Gartleys are harmonic structures, popularized by Larry Pesavento, and described by H.H Gartley in his book Profits in the Stock Market.

Basically, a gartley is a pattern that signals a reversal and that is formed by four legs.

Leg1: From X to A is the largest of the four legs, and the base of the pattern itself.

Leg2: From A to B is a retracement of at least 23.6% of the XA leg.

Leg3: From B to C is a retracement of the AB leg. It can’t exceed point A. It can be equal to A, but can’t exceed that point.

Leg4: From C to D is a projection of the AB leg. It has to be at least 100% of AB, but it can’t exceed X.

The point here, is that, market will present us XA, AB, and BC, and once we have those legs, we project CD, so when D is reached, a reversal in price should occur.

Ok ok I know this might sound difficult, but in practice it is not. So I’ll try to illustrate some examples.

It can be either bullish or bearish. and it looks like this.

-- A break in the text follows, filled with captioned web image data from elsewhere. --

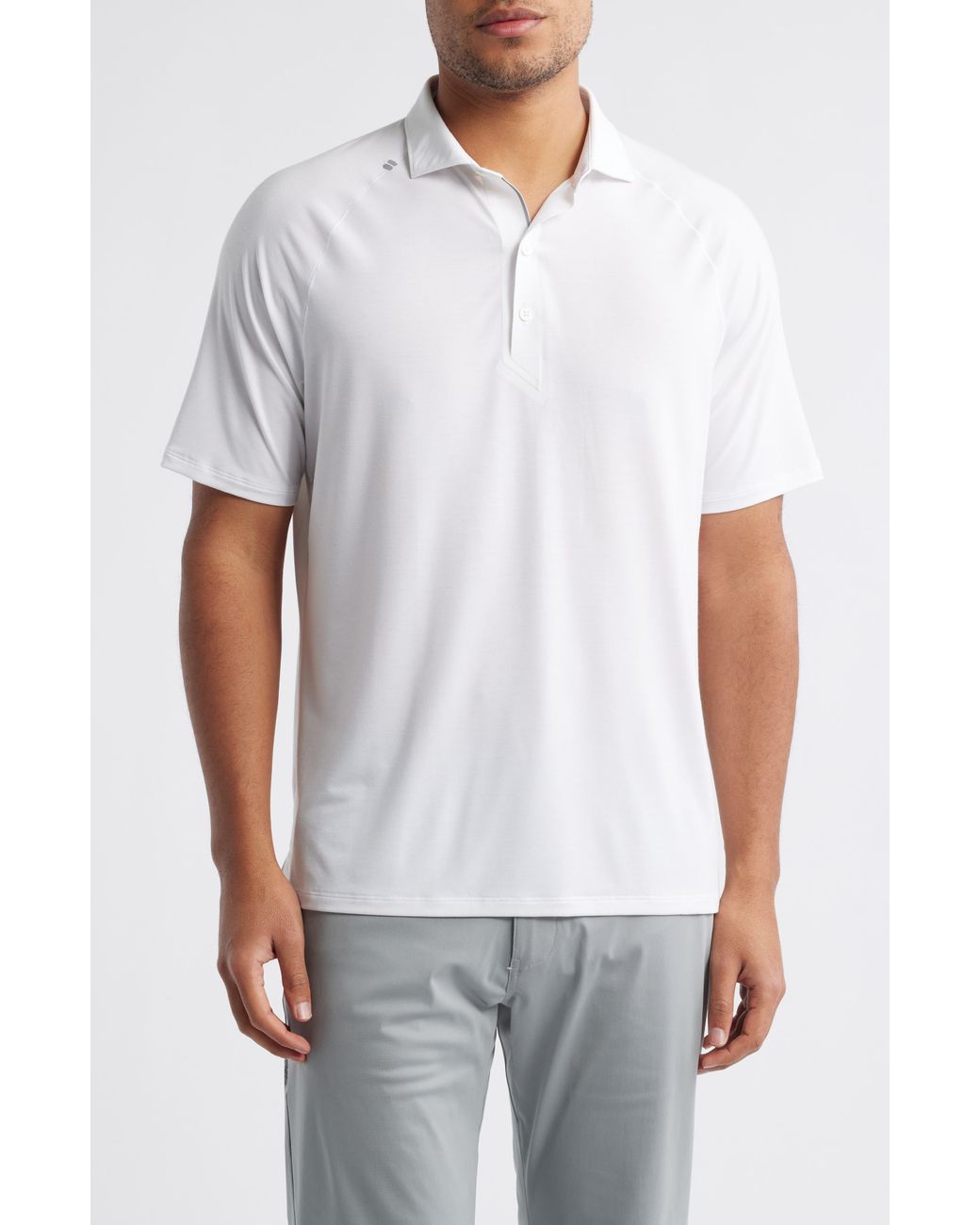 Johnnie-o White Callan Performance Polo for men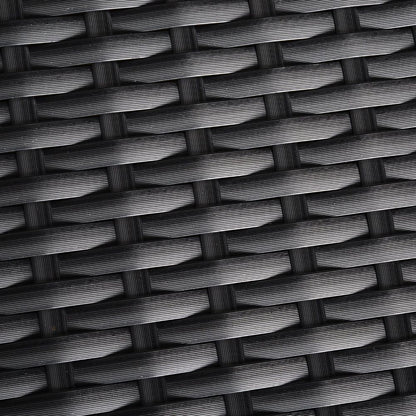 7-Seater Outdoor Garden Rattan Furniture Set w/ Recliners Grey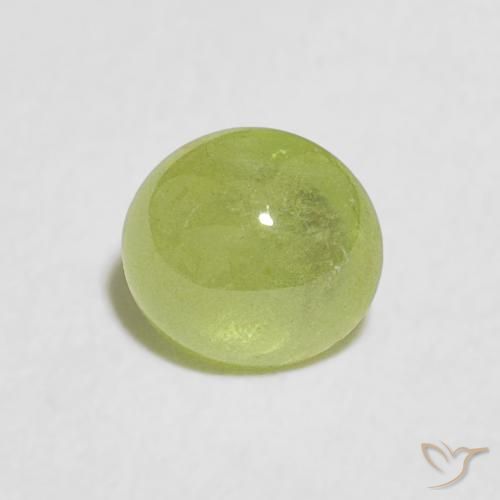 0.82ct Natural Verde vivo esfena, Ovalada, Transparente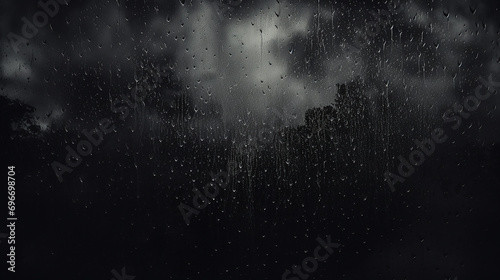 texture of rain and fog on a black background overlap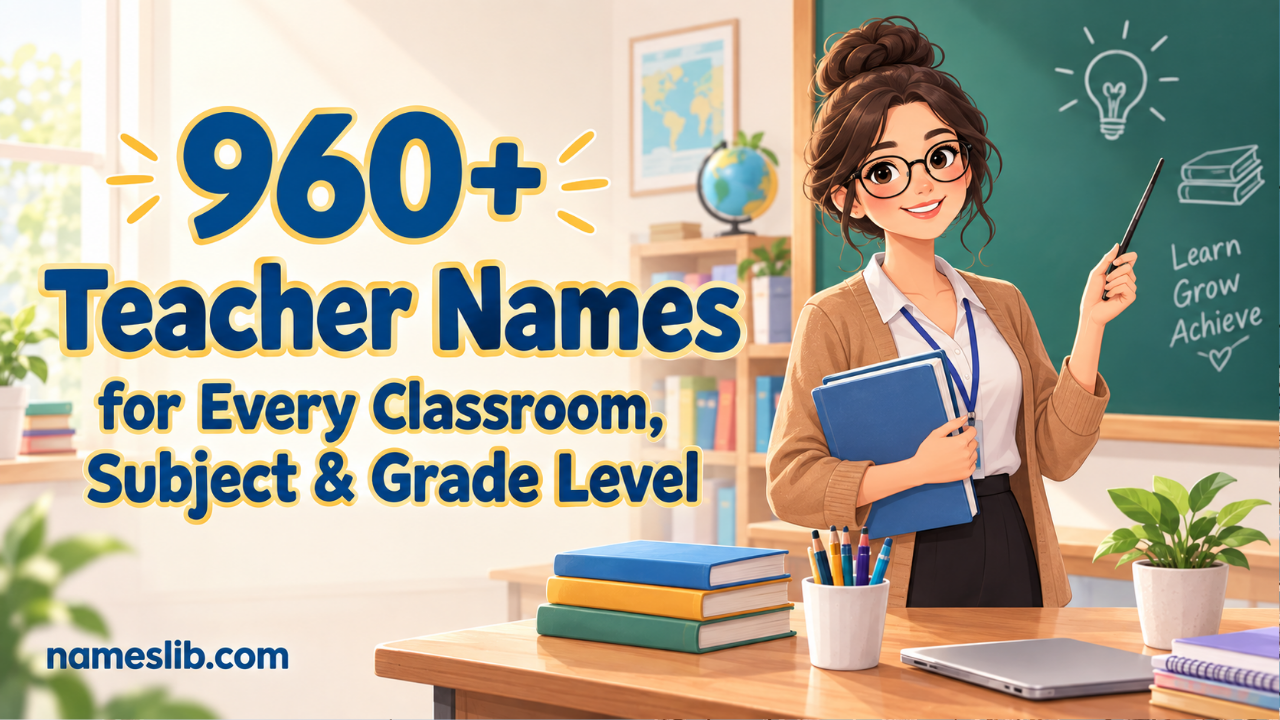 960+ Teacher Names for Every Classroom, Subject & Grade Level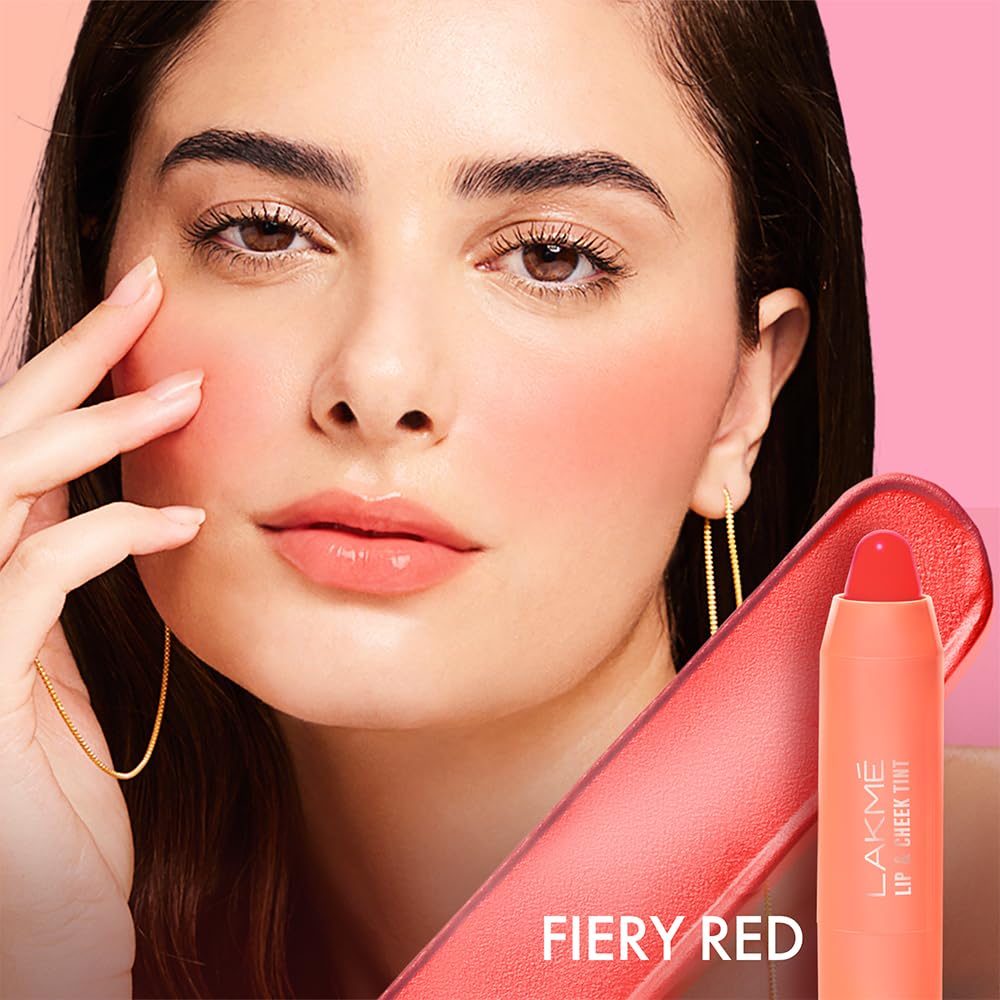 Lakmé Lip Love Natural Lip & Cheek Tint Fiery Red 2 G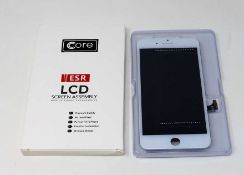 Twelve boxed as new Core ESR LCD Screen Assembly for iPhone 7 Plus, 10 White, 2 Black (boxes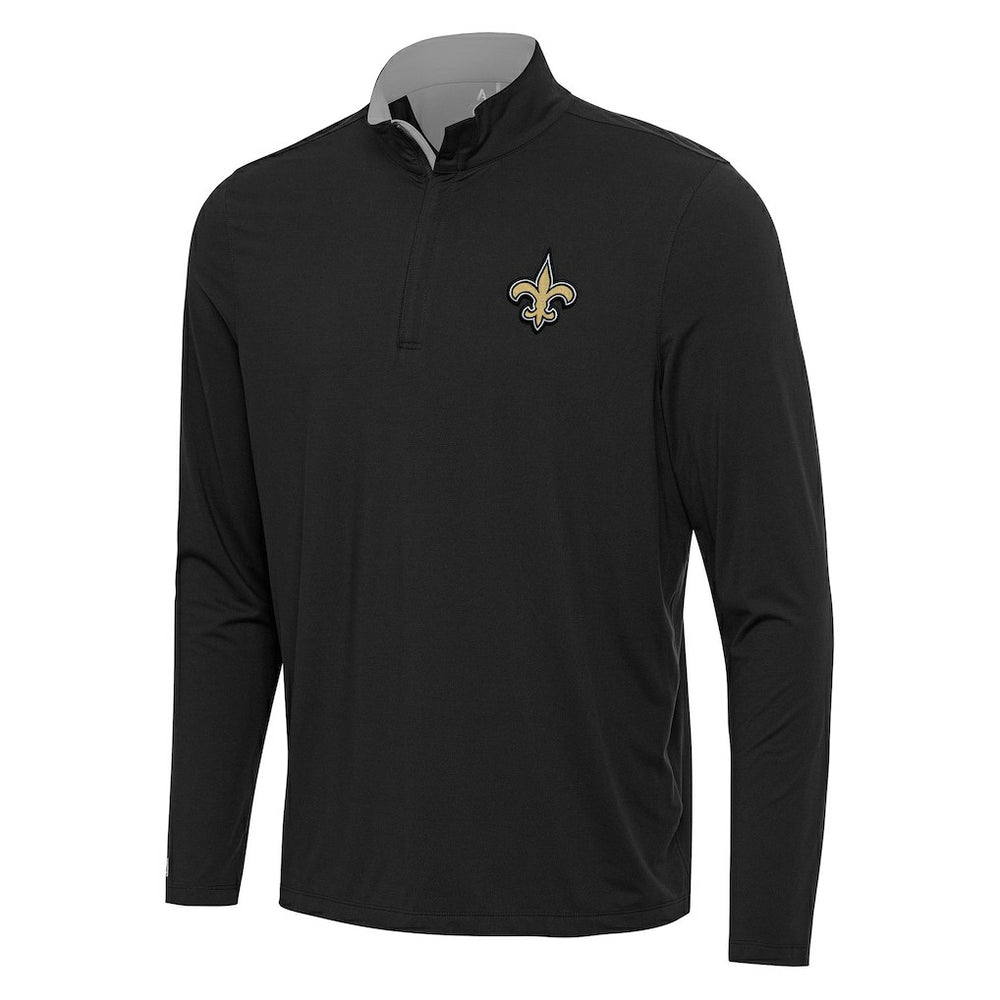 NFL New Orleans Saints Antigua Content Quarter-Zip Pullover Top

Note how XA is the largest leg, AB retraces XA and how CD is a projection of at least 100% of AB and at D a reversal in price is anticipated.

Gartleys unfold in every market, every timeframe, and before I explain how to properly identify them, I want you to notice something interesting.

This is the scheme of a bullish gartley.

Do you guys see some similarity between this gartley structure and the previous Elliot Wave example?

I will and I do. :slight_smile:

I have to admit that I find drawing all those fibs, counting waves and flipping between timeframes all a bit too much and I don’t think I could sustain doing it. However, I do feel that all of it is crucial to go through to develop one’s skillset in general.

From there I have reduced it down to something simpler. I use a couple of fibs, and each I use them in a couple of different ways depending on what price is doing, and enter when when I get a signal that price may resume from a pullback, or break from a previous swing high/low. Then basically I use the previous or next fib line or two to set my stop & profit targets respectively. I use another modified indicator to help with the timing.

So far I find it a better fit for me and the session I trade in (the Asian), and results so far have been mostly positive. I have set a profit target in my demo account and when I reach it (which won’t be long if this continues) I’ll take it to my real account.